|
|
|
|
|
|
by ktta
2994 days ago
|
|
|
The average user doesn't want to buy more hardware, and flashing an existing router can be done in an evening. Also, why Bind9? I don't see what's wrong with dnsmasq, and changing hosts file for blocklist. Also, I often advise against network wide blocklists unless you're the only one using the network, since subtle things break. Here's what I do: https://news.ycombinator.com/item?id=14780738 The only thing different is that I use wireguard and dnsmasq now. |
|
|
Bind9 seems to be better for blocking. RPZ is made for it. I don't think dnsmasq supports RPZ though projects like Pi-Hole use dnsmasq. I'm not positive, but I think RPZ is more flexible. Bind9 seems to do anything you like. I may want to resolve DNS myself and not just forward.
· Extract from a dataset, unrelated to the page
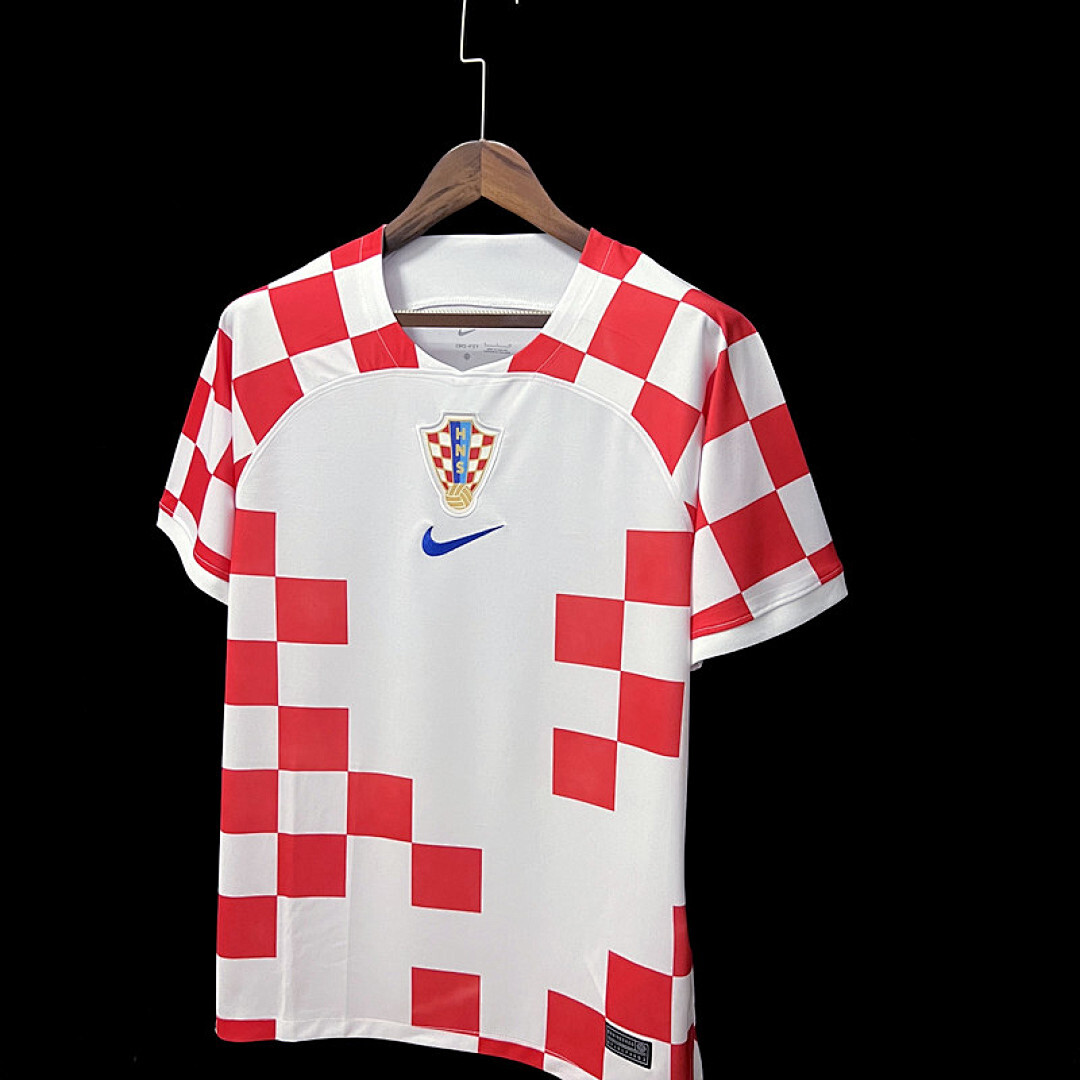 2223 Croatian Maillot Domicile miniature 6
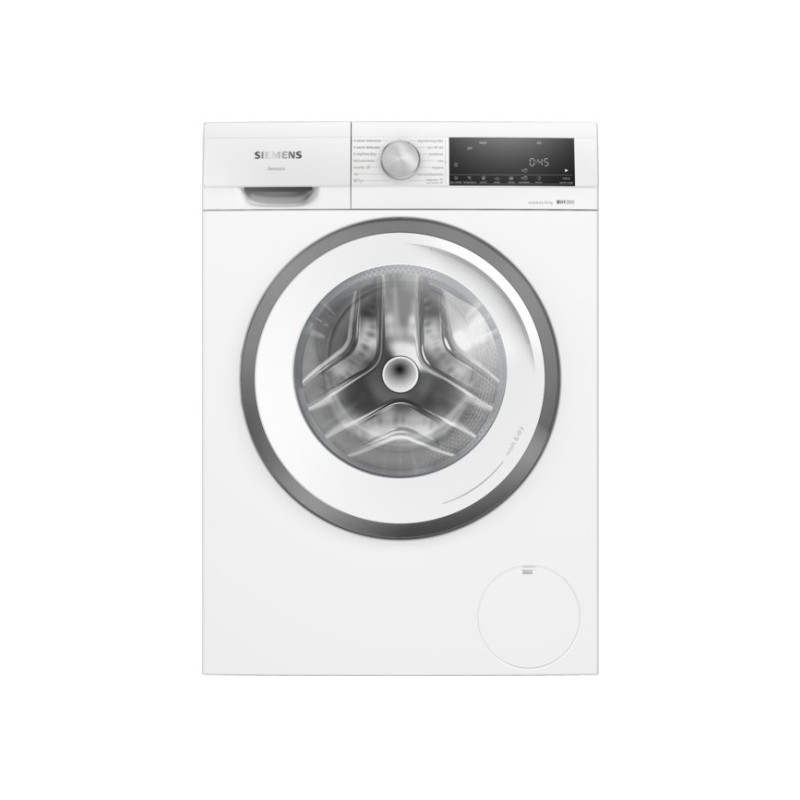 Siemens iQ300 WN34A1V0ES lavadora-secadora Independiente Carga frontal Blanco E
I'm starting to look into configuring Bind9 to have different blocking per user using "views." Some want Facebook, some don't, so I can block accordingly. I'm not sure you can do that in dnsmasq. I did discover subtle things break, like you can't block Facebook and still access Instagram, thus the "views" approach. I don't want to change hosts file on every device, especially mobiles, and can even provide some protection for guests this way. I might do a captive page for a blocked domain and let people bypass in their view if they like, then I can have a "block-first" approach.
I do like network-wide blocking for the malware lists - if anyone acquires malware, it can't phone home (if it's on the list) and I can detect via logs. DNS as firewall seems to be a trend. I'm looking into blocking IPs via iptables as well using public lists. Maybe I'll even setup Snort or Bro. The possibilities are endless.